The same resolution also prohibits RESs from supplying more than 50 percent of the capacity requirements of their affiliate contestable customers (CC).

The DOE circular and ERC Resolution 10 also provide for mandatory contestability and excludes local RESs in their scope. The latter issuance also imposes penalties for CC that fail to enter into RCSs retail supply contracts.

Under the RCOA, customers with monthly average peak demand of at least 1 megawatt, dubbed as CC by the ERC, are now able to choose the supplier of their energy requirement.

These suppliers, commonly known as RES, will directly negotiate and contract on a wholesale level with power-generation companies, so they can sell electricity to CC at competitive rates.
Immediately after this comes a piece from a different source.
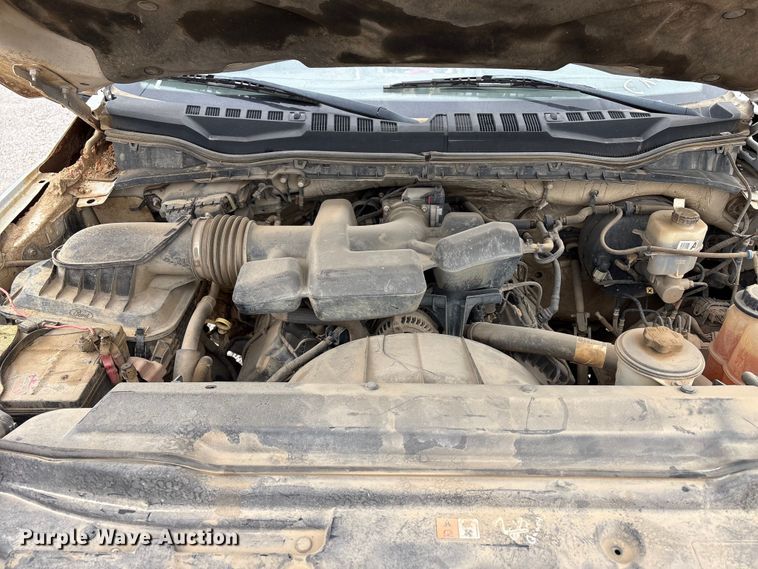 image for item EW1551 2017 Ford F250 Super Duty XL Ext. Cab flatbed pickup truck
These rates will be reflected in the generation-charge portion of the bill, which typically comprises at least 50 percent of the monthly electrical bill.

When a CC chooses an RES to supply his needs, this RES will also be in charge of the customer’s monthly billing and collection of payments.

MPower, Meralco’s local RES, accounts for about 50 percent of the market share of the contestable market within its franchise, or 18 percent of the national total.

In its 91-page petition for declaration relief filed before the RTC Branch 157 in Pasig, Meralco said the prohibition and the market cap are invalid because they contravene the provisions of the Electric Power Industry Reform Act (Epira).

“To begin with, there is no provision under the Epira regarding the prohibition of DUs to participate in the supply business,” Meralco said, adding “Nowhere in the law or IRR [implementing rules and regulations] does it provide the ERC can effectively place a market cap on any industry player, much less bar a local RES from fully participating in the market to prevent anti-competitive behavior.”

In fact, the prohibition against DU’s local RES embodied in the DOE circular and the ERC resolutions is contrary to the express provision of Section 29 of the Epira, which expressly recognizes the DUs’ right to supply electricity to the contestable market,” Meralco said.

Moreover, Section 1, Rule 8 of Epira’s IRR also does not prohibit the DUs to engage in the business of supplying electricity.

Meralco said administrative regulations could not supersede the law. “In cases of conflict between the law and the rules and regulations implementing the law, the law shall always prevail.”

Meralco said the DOE and the ERC singled out MPower due to the latter’s market leadership.

“What the DOE and ERC actually want is to curb MPower’s market leadership for fear that it is causing a monopoly on the market, effectively preventing new entrants and curtailing the growth of other suppliers in the industry,” the utility firm in its petition said. “Such fear is completely baseless and wildly speculative.”

The ERC resolutions were meant to promote competition and protect customer interest. Meralco, however, believes instead of promoting competition, the DOE and the ERC would be destroying competition and granting unwarranted advantage and benefit to existing and prospective generation company (genco)-affiliated RESs.

“The undue advantage given to prospective genco-affiliate RESs is even more pronounced with Section 1 of the DOE circular, which categorically mentions a genco-affiliate RES and, yet, expressly prohibits local RESs,” Meralco said.

As such, the prohibition imposed by the DOE and the ERC, as well as the market cap violate the constitutional right to equal protection of the laws, Meralco said in its petition.

The ERC, when sought for comment, said the Office of the Solicitor General is currently drafting the appropriate pleading.